Work task: In the records below, the line with "Both the Google" opens the range and the line with "That's all for" closes it; print that range exactly and nothing else.

Stored items
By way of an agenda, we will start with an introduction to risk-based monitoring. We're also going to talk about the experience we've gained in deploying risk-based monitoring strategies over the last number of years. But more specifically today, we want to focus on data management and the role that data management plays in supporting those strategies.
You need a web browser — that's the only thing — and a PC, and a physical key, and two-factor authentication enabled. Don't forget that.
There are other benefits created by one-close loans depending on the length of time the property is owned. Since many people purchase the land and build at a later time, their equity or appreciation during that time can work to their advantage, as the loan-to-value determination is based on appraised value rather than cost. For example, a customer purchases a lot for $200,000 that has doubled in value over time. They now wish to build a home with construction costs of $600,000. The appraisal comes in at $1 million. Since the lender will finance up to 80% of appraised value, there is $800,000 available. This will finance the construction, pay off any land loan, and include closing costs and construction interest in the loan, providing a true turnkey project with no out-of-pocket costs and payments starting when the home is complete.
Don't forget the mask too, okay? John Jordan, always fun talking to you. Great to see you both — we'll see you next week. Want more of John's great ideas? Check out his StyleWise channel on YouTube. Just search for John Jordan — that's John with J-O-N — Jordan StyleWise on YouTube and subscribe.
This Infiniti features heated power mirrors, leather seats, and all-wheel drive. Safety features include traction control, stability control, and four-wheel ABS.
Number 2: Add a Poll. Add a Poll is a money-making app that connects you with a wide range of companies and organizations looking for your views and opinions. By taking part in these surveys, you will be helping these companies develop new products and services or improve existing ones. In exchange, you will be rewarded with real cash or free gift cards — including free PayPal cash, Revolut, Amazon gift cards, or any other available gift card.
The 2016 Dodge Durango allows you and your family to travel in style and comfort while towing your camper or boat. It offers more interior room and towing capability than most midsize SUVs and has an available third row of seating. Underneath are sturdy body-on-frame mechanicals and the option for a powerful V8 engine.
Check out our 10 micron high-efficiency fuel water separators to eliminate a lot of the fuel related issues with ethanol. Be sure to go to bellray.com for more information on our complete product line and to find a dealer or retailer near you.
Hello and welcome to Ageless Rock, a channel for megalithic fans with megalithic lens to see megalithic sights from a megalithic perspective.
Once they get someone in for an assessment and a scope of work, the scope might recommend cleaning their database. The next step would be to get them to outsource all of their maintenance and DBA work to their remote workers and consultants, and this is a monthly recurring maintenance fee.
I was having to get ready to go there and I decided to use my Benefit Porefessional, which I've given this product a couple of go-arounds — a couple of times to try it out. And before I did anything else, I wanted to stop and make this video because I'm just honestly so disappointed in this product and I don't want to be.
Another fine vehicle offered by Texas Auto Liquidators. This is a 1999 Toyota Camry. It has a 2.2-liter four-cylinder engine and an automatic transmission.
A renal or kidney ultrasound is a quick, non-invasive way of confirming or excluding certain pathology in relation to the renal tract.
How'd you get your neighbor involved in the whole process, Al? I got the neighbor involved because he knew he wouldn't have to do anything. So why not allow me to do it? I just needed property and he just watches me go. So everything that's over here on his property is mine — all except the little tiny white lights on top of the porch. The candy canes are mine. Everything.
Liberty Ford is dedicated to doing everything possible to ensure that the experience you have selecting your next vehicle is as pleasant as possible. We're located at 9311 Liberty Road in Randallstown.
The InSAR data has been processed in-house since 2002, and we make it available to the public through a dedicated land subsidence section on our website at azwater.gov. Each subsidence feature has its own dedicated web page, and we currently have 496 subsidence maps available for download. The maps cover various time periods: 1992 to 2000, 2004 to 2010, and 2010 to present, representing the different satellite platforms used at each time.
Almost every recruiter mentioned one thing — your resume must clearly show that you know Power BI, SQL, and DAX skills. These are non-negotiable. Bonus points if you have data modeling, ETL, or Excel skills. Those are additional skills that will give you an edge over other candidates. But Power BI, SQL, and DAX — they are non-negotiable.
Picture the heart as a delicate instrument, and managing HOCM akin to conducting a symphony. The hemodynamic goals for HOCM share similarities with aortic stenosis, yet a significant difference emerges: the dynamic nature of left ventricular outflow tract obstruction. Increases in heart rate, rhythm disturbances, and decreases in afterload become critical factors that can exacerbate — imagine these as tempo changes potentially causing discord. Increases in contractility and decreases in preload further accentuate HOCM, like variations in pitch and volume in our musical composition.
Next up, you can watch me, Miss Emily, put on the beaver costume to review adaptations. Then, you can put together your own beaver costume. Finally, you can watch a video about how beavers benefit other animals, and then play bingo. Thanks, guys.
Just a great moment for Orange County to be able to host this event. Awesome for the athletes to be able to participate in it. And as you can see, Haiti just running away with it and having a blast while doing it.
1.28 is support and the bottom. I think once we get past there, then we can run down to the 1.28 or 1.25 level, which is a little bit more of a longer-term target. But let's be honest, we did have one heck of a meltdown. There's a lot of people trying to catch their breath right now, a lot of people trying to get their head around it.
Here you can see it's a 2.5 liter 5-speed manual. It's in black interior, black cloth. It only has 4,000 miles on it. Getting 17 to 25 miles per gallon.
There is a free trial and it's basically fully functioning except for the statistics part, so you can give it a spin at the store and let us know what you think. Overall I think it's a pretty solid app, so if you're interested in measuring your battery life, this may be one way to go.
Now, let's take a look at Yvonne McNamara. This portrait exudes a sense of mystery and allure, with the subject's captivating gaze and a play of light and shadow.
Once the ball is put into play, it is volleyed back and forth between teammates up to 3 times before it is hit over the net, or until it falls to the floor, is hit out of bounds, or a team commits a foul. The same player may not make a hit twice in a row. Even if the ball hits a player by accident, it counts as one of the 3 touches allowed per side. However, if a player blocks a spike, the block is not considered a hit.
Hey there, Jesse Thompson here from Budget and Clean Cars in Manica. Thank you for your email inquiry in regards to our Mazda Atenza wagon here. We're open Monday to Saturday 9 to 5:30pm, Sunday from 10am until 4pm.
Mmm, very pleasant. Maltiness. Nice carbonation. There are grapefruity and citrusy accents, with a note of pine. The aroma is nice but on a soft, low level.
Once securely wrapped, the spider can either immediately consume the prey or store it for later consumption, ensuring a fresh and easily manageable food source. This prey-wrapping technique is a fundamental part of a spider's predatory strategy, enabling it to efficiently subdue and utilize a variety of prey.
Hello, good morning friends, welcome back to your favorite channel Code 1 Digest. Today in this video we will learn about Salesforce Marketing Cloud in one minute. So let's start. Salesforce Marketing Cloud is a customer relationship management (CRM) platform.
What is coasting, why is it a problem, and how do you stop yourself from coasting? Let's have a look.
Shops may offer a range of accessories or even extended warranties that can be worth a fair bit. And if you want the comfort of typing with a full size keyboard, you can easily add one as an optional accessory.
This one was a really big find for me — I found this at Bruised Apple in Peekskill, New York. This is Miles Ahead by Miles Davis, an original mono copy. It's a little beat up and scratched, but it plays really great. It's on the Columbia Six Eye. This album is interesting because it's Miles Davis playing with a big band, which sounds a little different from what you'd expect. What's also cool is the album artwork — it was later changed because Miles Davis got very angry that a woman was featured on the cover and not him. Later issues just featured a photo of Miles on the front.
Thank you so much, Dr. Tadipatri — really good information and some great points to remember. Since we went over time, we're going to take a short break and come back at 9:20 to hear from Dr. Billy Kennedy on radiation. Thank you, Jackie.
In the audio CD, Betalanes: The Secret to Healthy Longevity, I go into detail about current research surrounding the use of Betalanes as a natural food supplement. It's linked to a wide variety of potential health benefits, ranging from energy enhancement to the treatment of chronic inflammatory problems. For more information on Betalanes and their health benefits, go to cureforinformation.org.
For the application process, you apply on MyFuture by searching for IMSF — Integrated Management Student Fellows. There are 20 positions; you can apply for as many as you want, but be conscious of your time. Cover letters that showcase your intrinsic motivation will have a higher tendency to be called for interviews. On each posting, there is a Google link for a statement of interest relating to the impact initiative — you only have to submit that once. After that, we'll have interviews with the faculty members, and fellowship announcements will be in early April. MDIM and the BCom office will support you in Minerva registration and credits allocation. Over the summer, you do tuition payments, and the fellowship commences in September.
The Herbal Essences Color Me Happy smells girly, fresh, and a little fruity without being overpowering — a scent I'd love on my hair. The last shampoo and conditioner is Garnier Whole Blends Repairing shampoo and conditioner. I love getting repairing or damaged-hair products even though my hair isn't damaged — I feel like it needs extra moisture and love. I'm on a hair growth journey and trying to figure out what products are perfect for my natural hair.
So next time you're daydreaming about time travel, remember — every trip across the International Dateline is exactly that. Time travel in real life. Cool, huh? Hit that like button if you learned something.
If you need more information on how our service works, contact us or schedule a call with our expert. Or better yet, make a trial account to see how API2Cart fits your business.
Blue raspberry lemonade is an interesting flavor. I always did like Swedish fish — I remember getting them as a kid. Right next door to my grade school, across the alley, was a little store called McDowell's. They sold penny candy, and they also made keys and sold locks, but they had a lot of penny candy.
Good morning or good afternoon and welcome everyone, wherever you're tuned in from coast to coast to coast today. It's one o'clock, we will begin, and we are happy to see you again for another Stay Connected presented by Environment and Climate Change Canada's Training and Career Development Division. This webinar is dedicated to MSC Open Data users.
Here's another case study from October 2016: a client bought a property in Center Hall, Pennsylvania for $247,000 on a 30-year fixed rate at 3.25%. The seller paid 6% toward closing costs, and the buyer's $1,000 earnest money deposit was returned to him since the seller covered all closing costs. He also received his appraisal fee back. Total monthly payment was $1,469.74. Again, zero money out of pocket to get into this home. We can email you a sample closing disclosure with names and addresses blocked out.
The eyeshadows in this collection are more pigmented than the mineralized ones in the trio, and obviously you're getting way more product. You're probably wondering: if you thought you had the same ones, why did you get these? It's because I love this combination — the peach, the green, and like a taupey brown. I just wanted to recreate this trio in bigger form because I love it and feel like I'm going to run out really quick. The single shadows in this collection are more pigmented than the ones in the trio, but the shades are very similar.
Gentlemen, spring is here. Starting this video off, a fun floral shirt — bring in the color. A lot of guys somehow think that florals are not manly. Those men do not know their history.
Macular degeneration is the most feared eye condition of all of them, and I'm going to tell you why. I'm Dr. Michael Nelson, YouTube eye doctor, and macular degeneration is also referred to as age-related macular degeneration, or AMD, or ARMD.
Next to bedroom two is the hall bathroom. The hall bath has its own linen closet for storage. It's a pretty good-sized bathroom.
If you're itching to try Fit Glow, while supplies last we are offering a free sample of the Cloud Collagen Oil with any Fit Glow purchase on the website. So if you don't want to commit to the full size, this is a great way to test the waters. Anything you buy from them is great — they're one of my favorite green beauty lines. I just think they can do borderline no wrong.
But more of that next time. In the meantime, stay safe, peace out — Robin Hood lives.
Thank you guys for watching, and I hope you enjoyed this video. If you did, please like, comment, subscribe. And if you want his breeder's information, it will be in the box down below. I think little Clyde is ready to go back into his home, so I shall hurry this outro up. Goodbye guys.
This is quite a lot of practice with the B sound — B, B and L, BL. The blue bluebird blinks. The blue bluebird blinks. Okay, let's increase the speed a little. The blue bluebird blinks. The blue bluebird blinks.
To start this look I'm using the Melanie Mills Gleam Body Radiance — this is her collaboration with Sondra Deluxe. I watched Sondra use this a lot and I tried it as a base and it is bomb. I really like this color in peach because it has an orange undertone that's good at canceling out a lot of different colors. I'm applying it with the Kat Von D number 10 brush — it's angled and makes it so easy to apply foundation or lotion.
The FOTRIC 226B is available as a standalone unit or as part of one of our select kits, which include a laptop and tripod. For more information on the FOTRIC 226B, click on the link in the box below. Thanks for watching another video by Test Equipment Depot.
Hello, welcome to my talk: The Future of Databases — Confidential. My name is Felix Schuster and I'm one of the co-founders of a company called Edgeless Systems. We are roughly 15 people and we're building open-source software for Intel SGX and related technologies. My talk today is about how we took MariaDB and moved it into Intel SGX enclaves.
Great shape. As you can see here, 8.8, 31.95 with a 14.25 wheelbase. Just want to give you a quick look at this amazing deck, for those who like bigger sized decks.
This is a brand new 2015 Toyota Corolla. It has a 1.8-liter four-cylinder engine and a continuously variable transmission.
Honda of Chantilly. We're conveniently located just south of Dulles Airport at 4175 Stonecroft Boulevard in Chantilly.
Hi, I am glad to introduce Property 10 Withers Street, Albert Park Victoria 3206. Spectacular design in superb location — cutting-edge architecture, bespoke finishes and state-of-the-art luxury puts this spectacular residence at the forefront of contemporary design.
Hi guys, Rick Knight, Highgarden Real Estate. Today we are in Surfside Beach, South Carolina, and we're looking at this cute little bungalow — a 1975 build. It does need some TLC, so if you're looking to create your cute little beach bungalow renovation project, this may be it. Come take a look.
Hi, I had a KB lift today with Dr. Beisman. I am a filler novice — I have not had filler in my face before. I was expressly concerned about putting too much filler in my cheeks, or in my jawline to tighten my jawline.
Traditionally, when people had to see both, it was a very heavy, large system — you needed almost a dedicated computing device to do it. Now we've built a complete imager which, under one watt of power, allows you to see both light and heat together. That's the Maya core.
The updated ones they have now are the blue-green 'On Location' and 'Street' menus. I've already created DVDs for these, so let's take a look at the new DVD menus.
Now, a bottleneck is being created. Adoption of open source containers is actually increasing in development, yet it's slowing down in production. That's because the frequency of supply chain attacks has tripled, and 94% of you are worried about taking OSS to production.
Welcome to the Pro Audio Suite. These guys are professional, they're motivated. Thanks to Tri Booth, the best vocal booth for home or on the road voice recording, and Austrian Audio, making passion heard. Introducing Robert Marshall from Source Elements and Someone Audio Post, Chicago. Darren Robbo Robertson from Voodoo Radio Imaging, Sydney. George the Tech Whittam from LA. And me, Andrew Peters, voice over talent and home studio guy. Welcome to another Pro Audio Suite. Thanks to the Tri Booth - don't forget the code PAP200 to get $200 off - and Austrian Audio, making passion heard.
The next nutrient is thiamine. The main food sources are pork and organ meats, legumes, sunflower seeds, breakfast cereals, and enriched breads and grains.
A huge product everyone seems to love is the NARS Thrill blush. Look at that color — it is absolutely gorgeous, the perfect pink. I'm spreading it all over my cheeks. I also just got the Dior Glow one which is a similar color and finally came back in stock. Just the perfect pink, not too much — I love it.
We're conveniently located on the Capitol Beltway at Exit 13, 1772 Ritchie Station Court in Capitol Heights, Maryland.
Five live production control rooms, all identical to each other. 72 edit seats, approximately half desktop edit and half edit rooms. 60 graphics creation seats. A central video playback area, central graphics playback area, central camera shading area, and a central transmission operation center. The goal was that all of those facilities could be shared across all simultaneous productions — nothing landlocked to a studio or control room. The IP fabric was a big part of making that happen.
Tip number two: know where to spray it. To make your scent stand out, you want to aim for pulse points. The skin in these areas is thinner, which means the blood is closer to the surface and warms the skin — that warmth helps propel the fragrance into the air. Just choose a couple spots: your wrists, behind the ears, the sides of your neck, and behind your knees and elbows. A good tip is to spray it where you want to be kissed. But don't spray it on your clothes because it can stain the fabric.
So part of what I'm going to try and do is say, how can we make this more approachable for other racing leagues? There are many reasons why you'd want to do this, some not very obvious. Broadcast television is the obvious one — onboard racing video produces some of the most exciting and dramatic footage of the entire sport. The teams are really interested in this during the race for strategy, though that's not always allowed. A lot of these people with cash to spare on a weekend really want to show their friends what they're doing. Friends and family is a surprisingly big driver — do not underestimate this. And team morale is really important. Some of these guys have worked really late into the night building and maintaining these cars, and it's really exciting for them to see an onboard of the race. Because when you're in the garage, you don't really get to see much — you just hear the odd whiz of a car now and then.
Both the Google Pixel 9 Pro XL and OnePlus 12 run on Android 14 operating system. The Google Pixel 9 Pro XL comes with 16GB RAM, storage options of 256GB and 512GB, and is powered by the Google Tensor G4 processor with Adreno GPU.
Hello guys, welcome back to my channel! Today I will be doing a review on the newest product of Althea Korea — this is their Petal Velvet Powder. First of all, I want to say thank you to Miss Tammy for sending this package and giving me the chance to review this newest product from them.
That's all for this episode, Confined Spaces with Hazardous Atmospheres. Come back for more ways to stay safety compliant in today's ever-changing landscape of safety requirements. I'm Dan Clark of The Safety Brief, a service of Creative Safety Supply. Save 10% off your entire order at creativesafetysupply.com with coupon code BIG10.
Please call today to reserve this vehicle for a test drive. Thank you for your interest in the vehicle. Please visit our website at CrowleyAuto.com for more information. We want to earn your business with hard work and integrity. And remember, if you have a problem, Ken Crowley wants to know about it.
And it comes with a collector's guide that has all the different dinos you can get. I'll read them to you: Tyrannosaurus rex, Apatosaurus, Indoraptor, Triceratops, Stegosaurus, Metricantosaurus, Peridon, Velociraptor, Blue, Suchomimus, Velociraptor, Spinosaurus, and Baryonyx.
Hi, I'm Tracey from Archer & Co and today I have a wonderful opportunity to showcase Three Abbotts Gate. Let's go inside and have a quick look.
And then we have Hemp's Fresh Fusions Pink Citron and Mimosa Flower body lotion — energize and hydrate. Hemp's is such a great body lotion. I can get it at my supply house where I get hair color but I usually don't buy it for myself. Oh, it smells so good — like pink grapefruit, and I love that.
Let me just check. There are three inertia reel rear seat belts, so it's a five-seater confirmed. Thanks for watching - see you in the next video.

Response:
Both the Google Pixel 9 Pro XL and OnePlus 12 run on Android 14 operating system. The Google Pixel 9 Pro XL comes with 16GB RAM, storage options of 256GB and 512GB, and is powered by the Google Tensor G4 processor with Adreno GPU.
Hello guys, welcome back to my channel! Today I will be doing a review on the newest product of Althea Korea — this is their Petal Velvet Powder. First of all, I want to say thank you to Miss Tammy for sending this package and giving me the chance to review this newest product from them.
That's all for this episode, Confined Spaces with Hazardous Atmospheres. Come back for more ways to stay safety compliant in today's ever-changing landscape of safety requirements. I'm Dan Clark of The Safety Brief, a service of Creative Safety Supply. Save 10% off your entire order at creativesafetysupply.com with coupon code BIG10.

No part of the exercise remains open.